In Louisiana, there are 19 randomly selected routes across the state.
Other information used to complete population studies are random hunter surveys known as the Migratory Bird Harvest Information Program, or HIP.
Additionally, there is an annual “wing bee,” where wings of harvested dove are counted and reviewed for sex and age. As of 2015, the Eastern Management Unit mourning dove population is estimated to be 68.2 million.
Dove season bag limits and season lengths are based on liberal, restrictive and closed cases, which typically equate to a 15, 10 or 0 (Closed Season) daily bag limit during a 90-, 70-, or 0-day (Closed Season) season length, respectively.
One thing Whitaker also is trying to determine this year is what type of seeds doves prefer. Traps were baited with either whole corn, cut corn, milo or Chinese or Japanese millet.

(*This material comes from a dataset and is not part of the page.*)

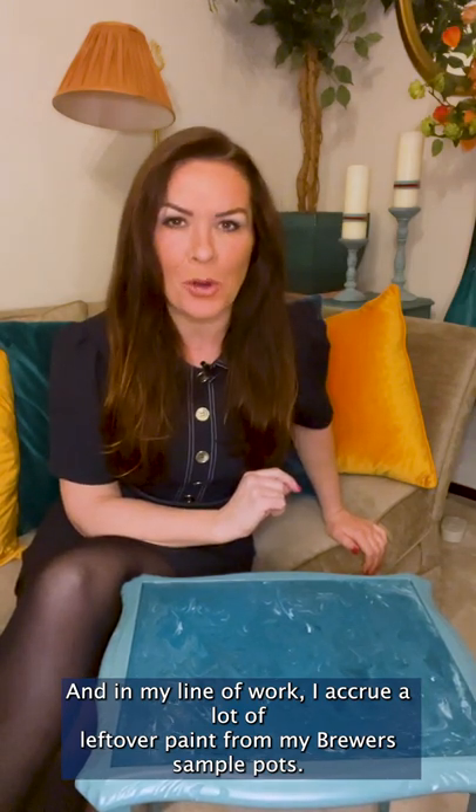In the past couple of years I've gone bonkers for marbling with paint, and in my line of work I accrue a lot of leftover paint from brewer's sample pots, so this is a great way to use it up with impressive results. Here are a few tips on how I achieved this.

“One year, I used milo, because it was significantly cheaper, but my trapping success was greatly reduced,” Whitaker said. “So, this year I’ve got all of these different baits out here on traps to look at what dove prefer. It’s a way to save public tax dollars and state funding. The goal is to find a good bait that has a high success rate for capture and is economical for the department.”
So far, Whitaker said, Chinese and Japanese millets are getting the nod.

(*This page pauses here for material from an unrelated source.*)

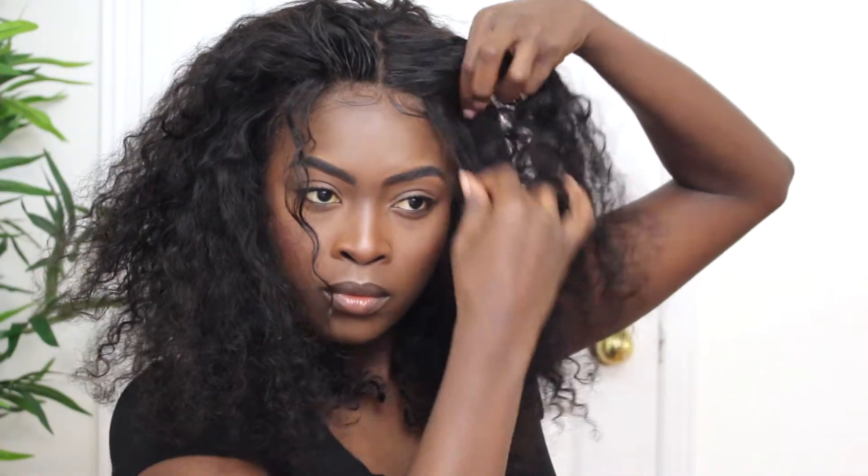This next hairstyle I call my Scary Spice hairstyle. First I pull out some little hairs in the front to kind of make it look like bangs — back in the day girls used to do this with their ponytails, just pulling random long strings to sit in the front of your face. That's what we're doing here.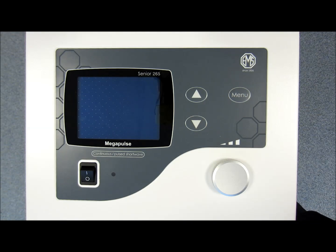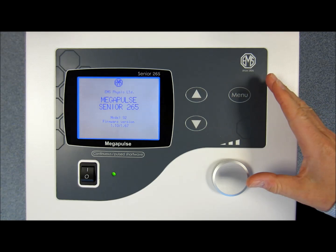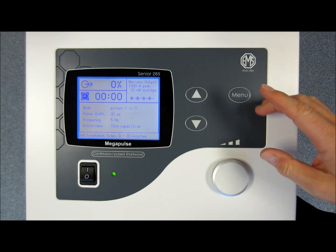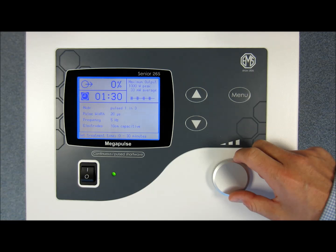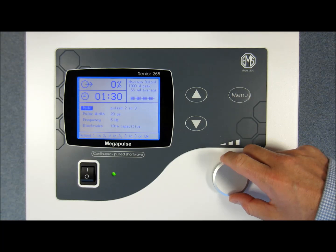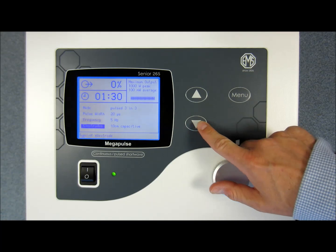One of the benefits of the Megapulse Senior, and indeed any product from EMS Physio, is that it is so simple to use. All the settings are controlled via this user interface panel and allow you to set up the machine to your desired requirements. Using the up and down arrow keys and the selector knob, you can quickly and easily set the time, the pulse mode or continuous output, the pulse width, the frequency and the choice of electrode.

Estimates indicate, during the 2015-2016 Louisiana dove season, 33,000 hunters harvested 597,300 mourning dove. One thing that Whitaker emphasizes to hunters who harvest a banded dove is they need to follow up and report the band at www.reportband. gov just like they would a waterfowl band.
“It’s very important information to us,” he said. “It’s especially important on dove and other small bands. The process online is self-explanatory and very easy.”